Department of the Air Force, 47th Flying Training Wing, Laughlin Air Force Base, Texas (Respondent) and American Federation of Government Employees, Local 1749, AFL-CIO, Laughlin Air Force Base, Texas (Complainant)
[ v01 p733 ]
01:0733(81)CA
The decision of the Authority follows:
1 FLRA No. 81
DEPARTMENT OF THE AIR FORCE,
47TH FLYING TRAINING WING,
LAUGHLIN AIR FORCE BASE, TEXAS
Respondent
and
AMERICAN FEDERATION OF GOVERNMENT
EMPLOYEES, LOCAL 1749, AFL-CIO,
LAUGHLIN AIR FORCE BASE, TEXAS
Complainant
Assistant Secretary
Case No. 63-8164(CA)
DECISION AND ORDER
ON JANUARY 25, 1979, ADMINISTRATIVE LAW JUDGE ALEXANDER KARST ISSUED
HIS RECOMMENDED DECISION AND ORDER IN THE ABOVE-ENTITLED PROCEEDING,
FINDING THAT THE RESPONDENT HAD NOT ENGAGED IN THE UNFAIR LABOR
PRACTICES ALLEGED IN THE COMPLAINT AND RECOMMENDING THAT THE COMPLAINT
BE DISMISSED IN ITS ENTIRETY. THEREAFTER, THE COMPLAINANT FILED
EXCEPTIONS WITH RESPECT TO THE ADMINISTRATIVE LAW JUDGE'S RECOMMENDED
DECISION AND ORDER.
THE FUNCTIONS OF THE ASSISTANT SECRETARY OF LABOR FOR
LABOR-MANAGEMENT RELATIONS UNDER EXECUTIVE ORDER 11491, AS AMENDED, WERE
TRANSFERRED TO THE AUTHORITY UNDER SECTION 304 OF REORGANIZATION PLAN
NO. 2 OF 1978 (43 F.R. 36040), WHICH TRANSFER OF FUNCTIONS IS
IMPLEMENTED BY SECTION 2400.2 OF THE AUTHORITY'S TRANSITION RULES AND
REGULATIONS (44 F.R. 7). THE AUTHORITY CONTINUES TO BE RESPONSIBLE FOR
THE PERFORMANCE OF THESE FUNCTIONS AS PROVIDED IN SECTION 7135(B) OF THE
FEDERAL SERVICE LABOR-MANAGEMENT RELATIONS STATUTE (92 STAT. 1215).

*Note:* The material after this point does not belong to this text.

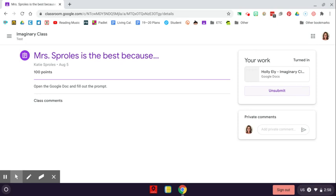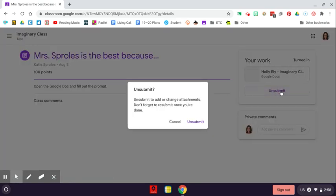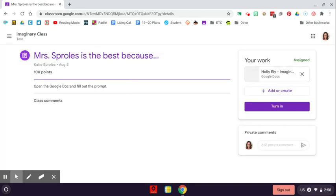If you have accidentally turned in something too soon or your teacher asks you to unsubmit an assignment to work on it further, you just click the unsubmit button. And now your work is editable again.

THEREFORE, PURSUANT TO SECTION 2400.2 OF THE AUTHORITY'S TRANSITION
RULES AND REGULATIONS AND SECTION 7135(B) OF THE STATUTE, THE AUTHORITY
HAS REVIEWED THE RULINGS OF THE ADMINISTRATIVE LAW JUDGE MADE AT THE
HEARING AND FINDS THAT NO PREJUDICIAL ERROR WAS COMMITTED. THE RULINGS
ARE HEREBY AFFIRMED. UPON CONSIDERATION OF THE ADMINISTRATIVE LAW
JUDGE'S RECOMMENDED DECISION AND ORDER AND THE ENTIRE RECORD IN THIS
CASE, INCLUDING THE EXCEPTIONS FILED BY THE COMPLAINANT, THE AUTHORITY
HEREBY ADOPTS THE ADMINISTRATIVE LAW JUDGE'S FINDINGS, CONCLUSIONS AND
RECOMMENDATIONS AS MODIFIED HEREIN.
THE ADMINISTRATIVE LAW JUDGE CONCLUDED THAT THE RESPONDENT HAD NOT
VIOLATED SECTION 19(A)(1) AND (6) OF THE ORDER WHEN IT IMPLEMENTED A
CHANGE IN THE TELEPHONE SYSTEM OF ITS CIVIL ENGINEERING FACILITY WITHOUT
PRIOR NOTICE TO THE COMPLAINANT. IN REACHING THIS CONCLUSION, HE FOUND,
AMONG OTHER THINGS, THAT BY DISCUSSING THE IMPACT OF THE CHANGE WITH THE
COMPLAINANT AFTER ITS IMPLEMENTATION AND BY MAKING EFFORTS TO REMEDY THE
TECHNICAL DEFICIENCIES OF THE NEW TELEPHONE SYSTEM, THE RESPONDENT HAD
DISCHARGED SATISFACTORILY ITS DUTY TO NEGOTIATE WITE THE COMPLAINANT
OVER THE IMPACT AND IMPLEMENTATION OF ITS ACTION. HE ALSO FOUND THAT
THE RESPONDENT WAS UNDER NO OBLIGATION TO MEET AND CONFER WITH THE
COMPLAINANT BEFORE DECIDING TO MODIFY ITS TELEPHONE SYSTEM AND, FURTHER,
THAT THE FACT THAT THE NEW SYSTEM MADE IT MORE DIFFICULT FOR THE
COMPLAINANT'S OFFICIALS TO CARRY OUT THEIR UNION DUTIES FAILED TO GIVE
RISE TO AN INDEPENDENT VIOLATION OF SECTION 19(A)(1) OF THE ORDER.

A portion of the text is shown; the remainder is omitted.